While Greensky Bluegrass is a bluegrass band, the term is used somewhat loosely. For instance, along with the dobro-banjo-guitar-upright bass-mandolin recipe, the band adds in a hefty dose of horns, not part of the usual bluegrass repertoire. And distortion. They like distortion. Plus the bandmates named their latest album "Handguns" (released in Oct. 2011 and debuted on Billboard's Bluegrass Charts at No. 3), which doesn't strike me as all that bluegrass, either. Speaking of "Handguns," the album was recorded in Michigan this past winter, in between tour dates. Using vintage microphones, they musicians laid the songs straight to tape, on the exact recording console that Lynyrd Skynyrd used for "Free Bird" decades earlier.
"I think the less perfect sound image that tape and analog equipment captures has more character," said Paul Hoffman, the mandolin player.
The band performs at State Bridge on Sunday; Olora Brothers will open the show beginning at 4 p.m. The show is part of a busy summer that's seen the band play their first ever performances at SXSW and in Hawaii. And coming this August, they'll go north, to Alaska. In the dozen years this quintet has been making music, its seen nearly every corner of America and is only two states away from saying Greensky Bluegrass has played all 50.
Hoffman talked to the Vail Daily about his memories of State Bridge, a few of the festivals left on the band's bucket list and why a "perfect" recording isn't always so perfect.
Vail Daily: Are you excited to perform at State Bridge?
Paul Hoffman: It's a beautiful place to play. We've driven by a few times and I think we even slept there once before they rebuilt it. Yarmony is right up the road so we are familiar with the terrain, so to speak. Lots of great memories floating the river and such.
VD: You've had a busy summer, performing at SXSW, in Hawaii and other far-flung locales. How has it gone?

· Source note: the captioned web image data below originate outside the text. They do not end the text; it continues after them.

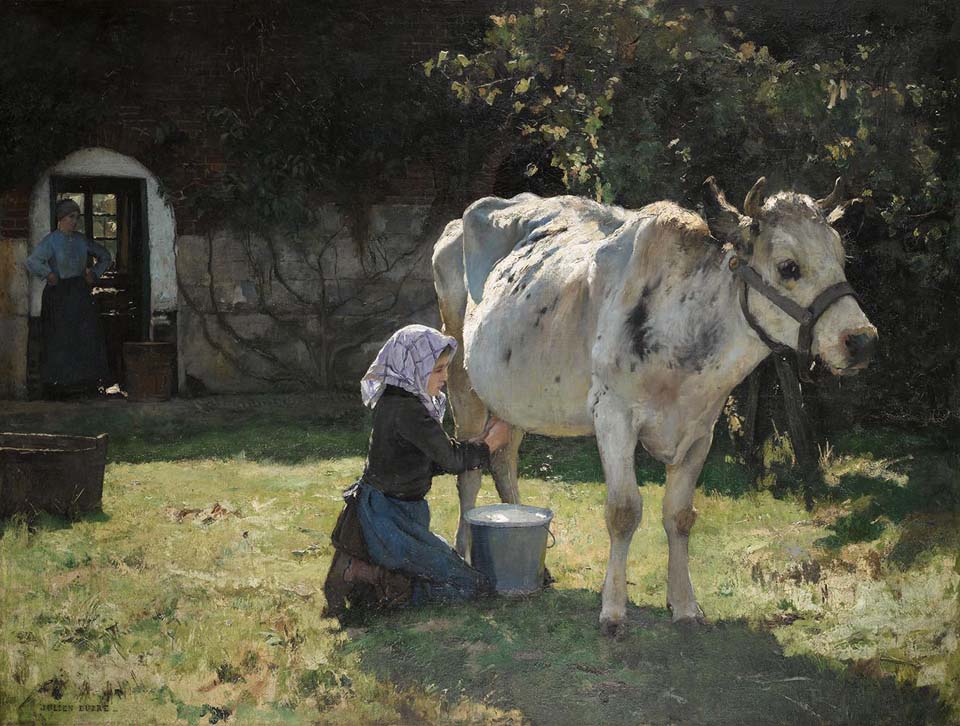The white cow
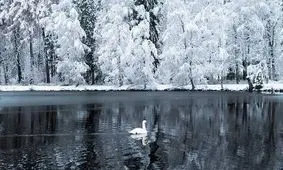 قابی متفاوت از سرزمین هزار دریاچه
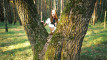 Pratinjau video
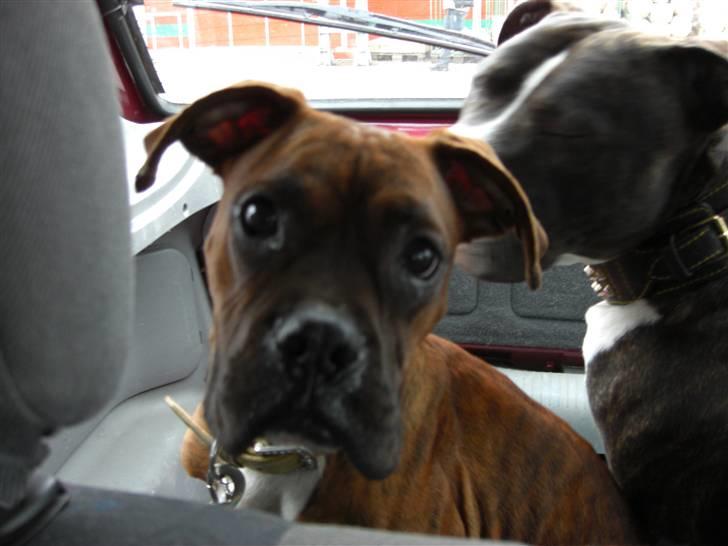 Boxer Emma billede 2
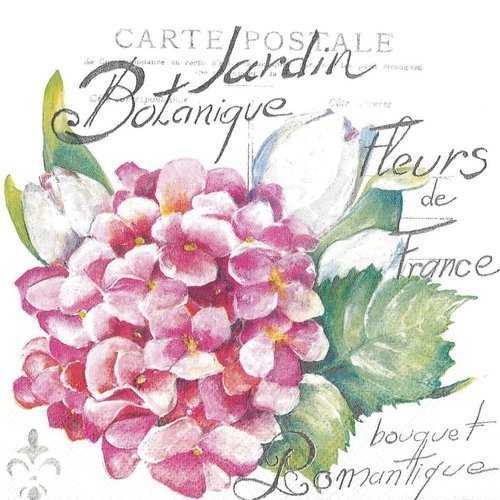 Serviette papier carte postale hortensia jardin botanique paris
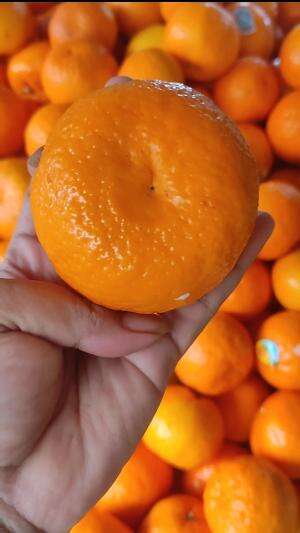 Jeruk mandarin #buah #freshfruits 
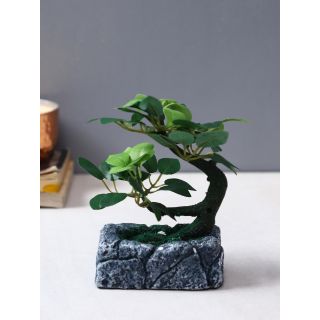 Petite but Stylish Vibrant Decoraive Bonsai Plant(APL20207)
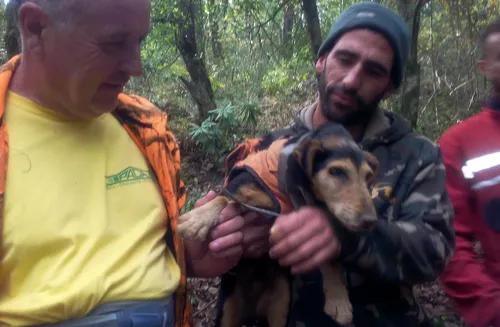 Pourcieux : un chien coincé dans une cavité depuis samedi enfin...
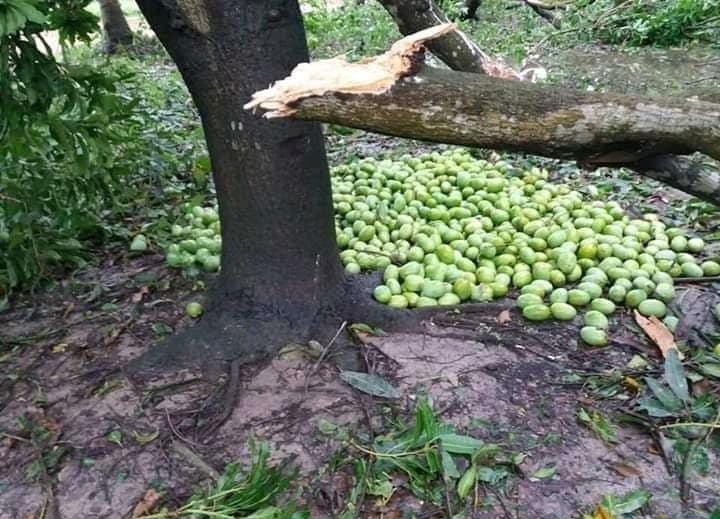 সাতক্ষীরায় তাণ্ডব, রাজশাহীতে আম ঝরিয়ে শক্তিহীন ‘আম্পান’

PH: We did an eight week tour in the spring. It was epic. Sometimes I think about shows from that tour that are so far apart and remember, 'Oh that was the same tour.' Hawaii was killer. We're currently trying to figure out how we can get back there this winter and maybe a do a few more of the islands. Wanna go?
VD: Where's one place you've yet to play that you really want to be invited to?

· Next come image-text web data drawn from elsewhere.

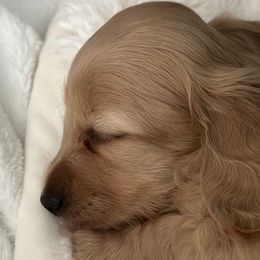Boy 1 - Cream Dachshund puppy in Murfreesboro, Tennessee from Kimbrie's Dream Cream Doxies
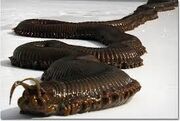 Wurm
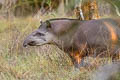 South American Tapir Tapirus terrestris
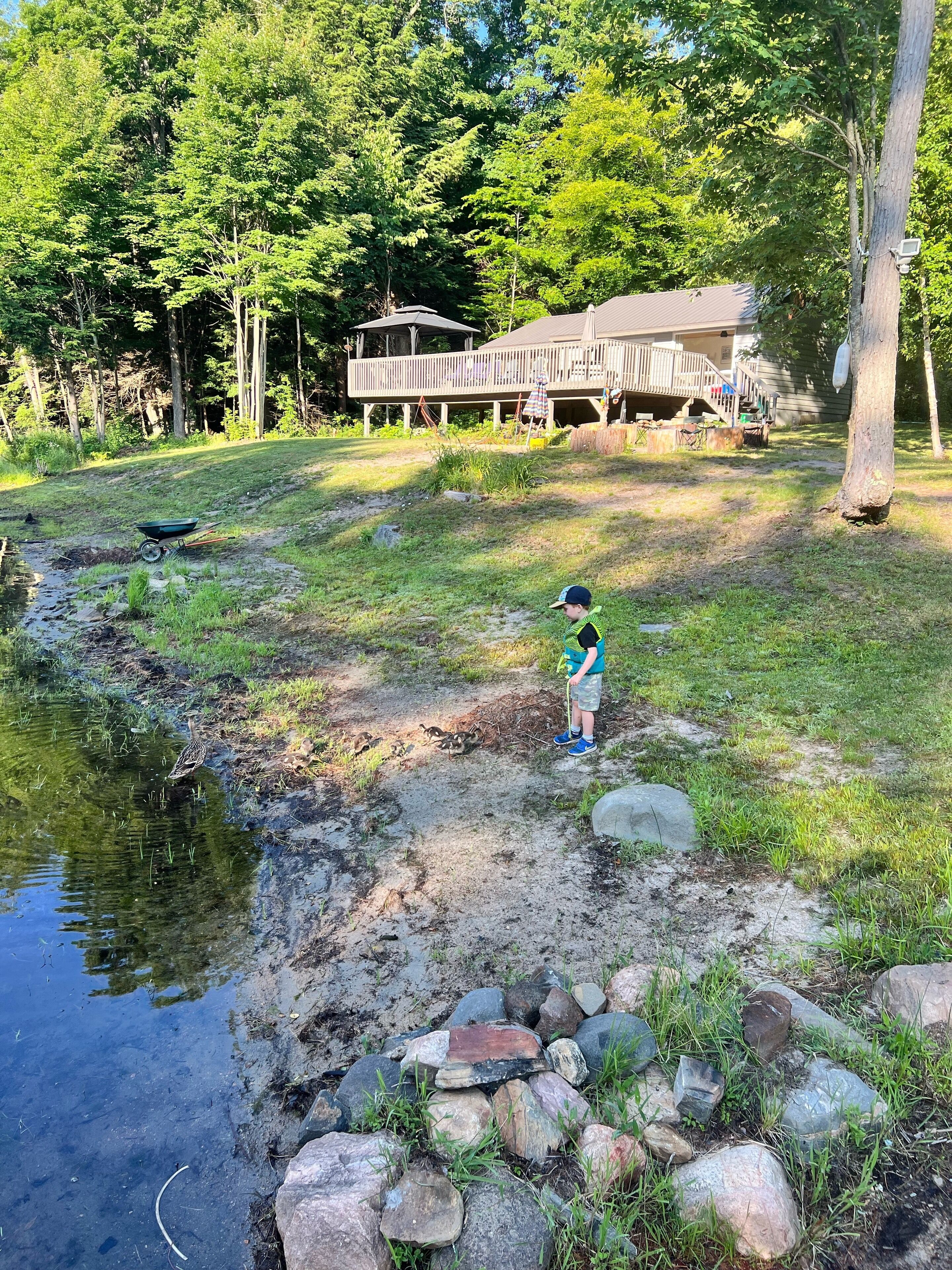 Jardines del alojamiento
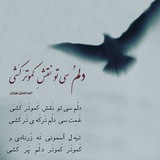 * تُربَی حَسَنو *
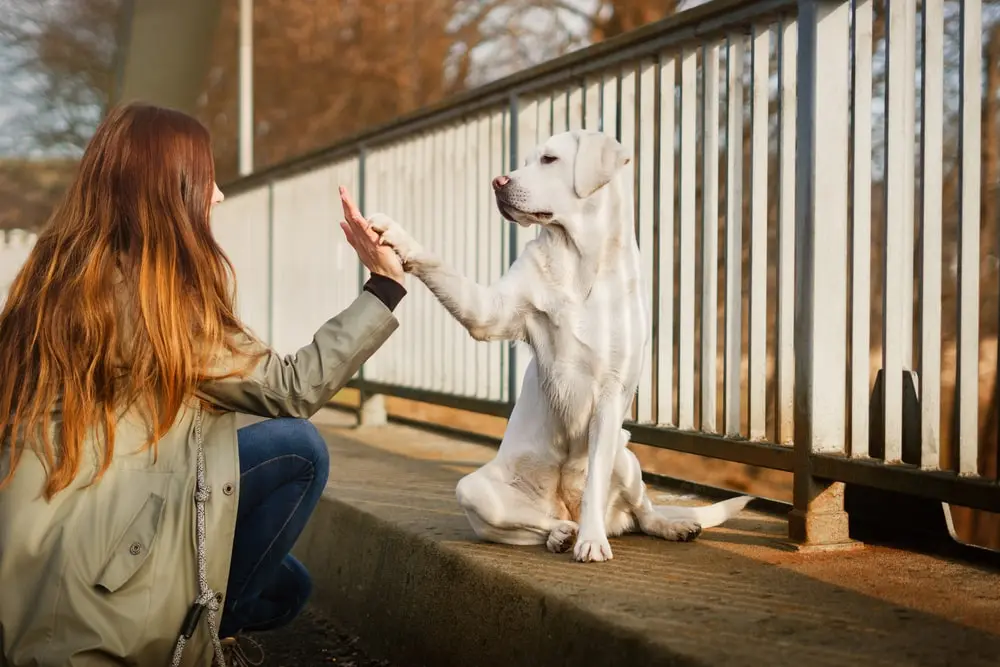 A white Labrador retriever high-fiving a woman.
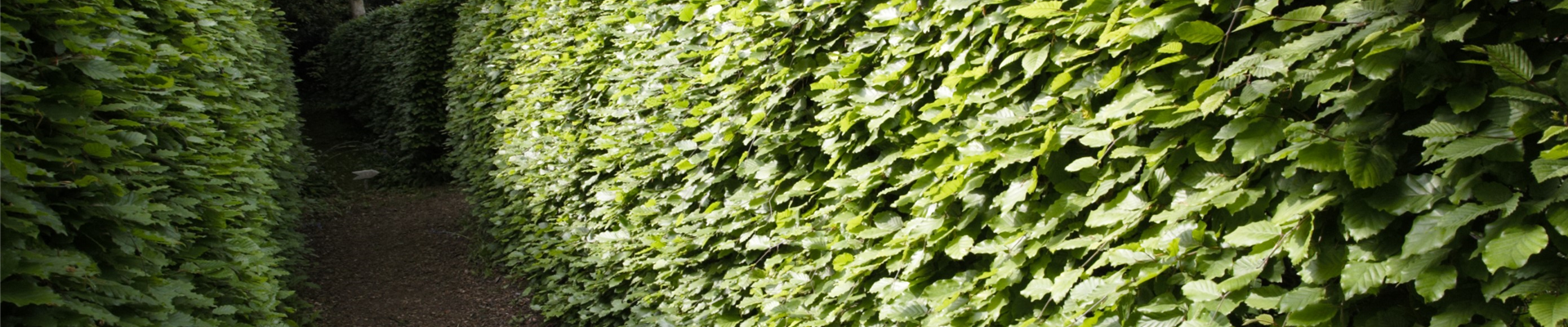 GS636931.jpg GS636931.jpg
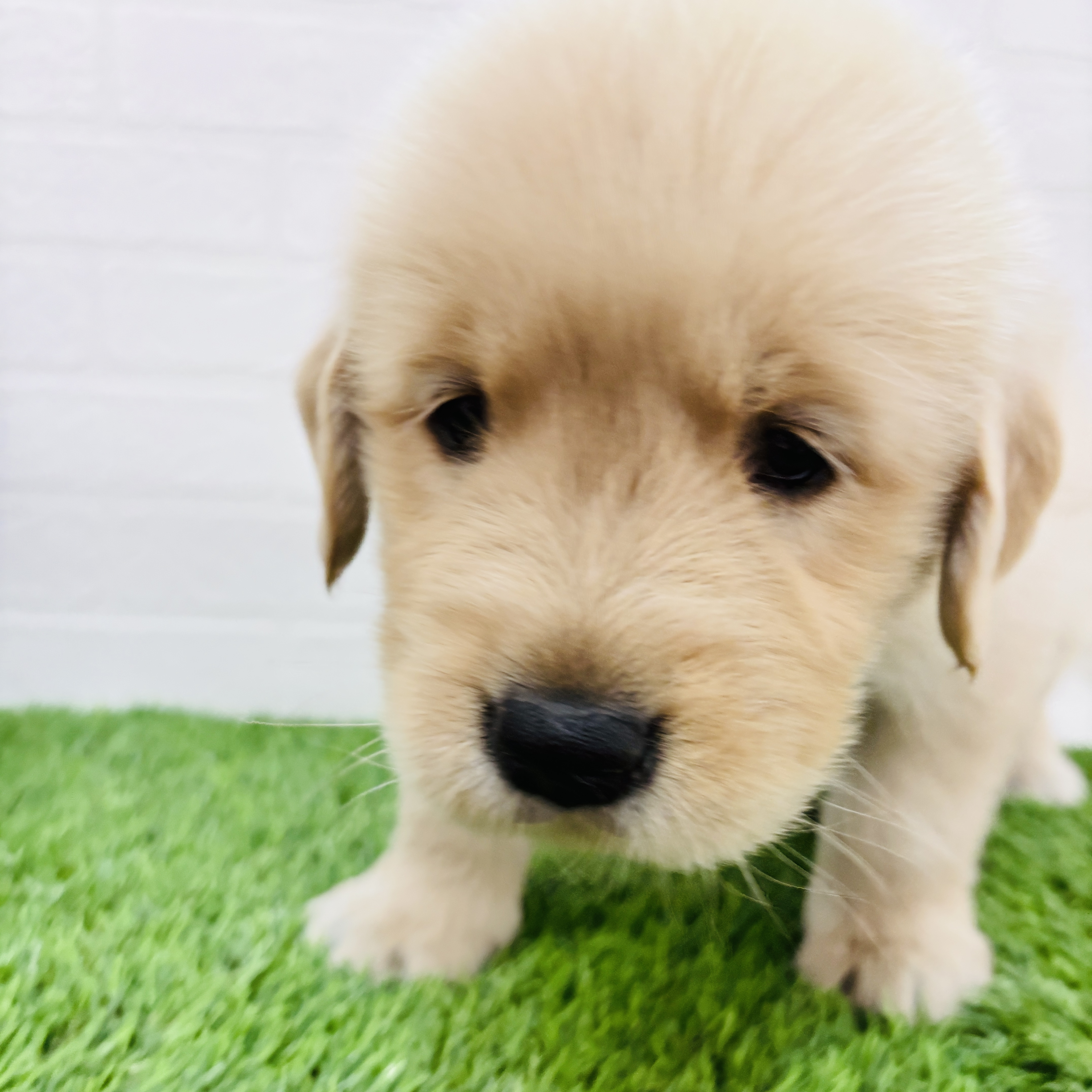 埼玉県のゴールデンレトリバー (ワンニャンハウス春日部店/2025年9月15日生まれ/女の子/ゴールデン)の子犬の1枚目の画像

PH: Hmmm .... There are a couple festivals we are yet to experience. Austin City Limits, Outside Lands, Gathering of the Vibes and Merlefest are a few that come to mind. Other than that, it feels like we've been almost everywhere. (We're )even crossing Alaska off the list this summer, leaving only Nebraska and Delaware on the untouched list. I'm not in any great hurry to play in those places. Although saying we've played all 50 will be cool. And, how could I forget? Europe!
VD: How did you come up with the name for your new album "Handguns"?
PH: It's named after a song that I wrote. I think it's a great image for power and responsibility, which makes the lyric very poignant, to me anyway. "Handguns make less mistakes without love." KInd of a sad lyric but it lent well to the album title and to some fantastic artwork.
VD: For that album, you recorded the songs straight to tape. Tell me about that process and what it adds to the sound.
PH: Tape sorta takes from the sound more than it gives. Digital processing and modern awesome microphones can capture sound so well it almost sounds unreal. Or doctored. Your ear can only hear so much. I think the less perfect sound image that tape and analog equipment captures has more character. Ultimately when making a record or recording a song, I think you're presenting a vibe. The crisp amazing digital picture just wasn't what we wanted to present.
VD: What do you like fans to bring you?
PH: Cookies, barbecue, invitations to ride on their sailboats and you know what I like!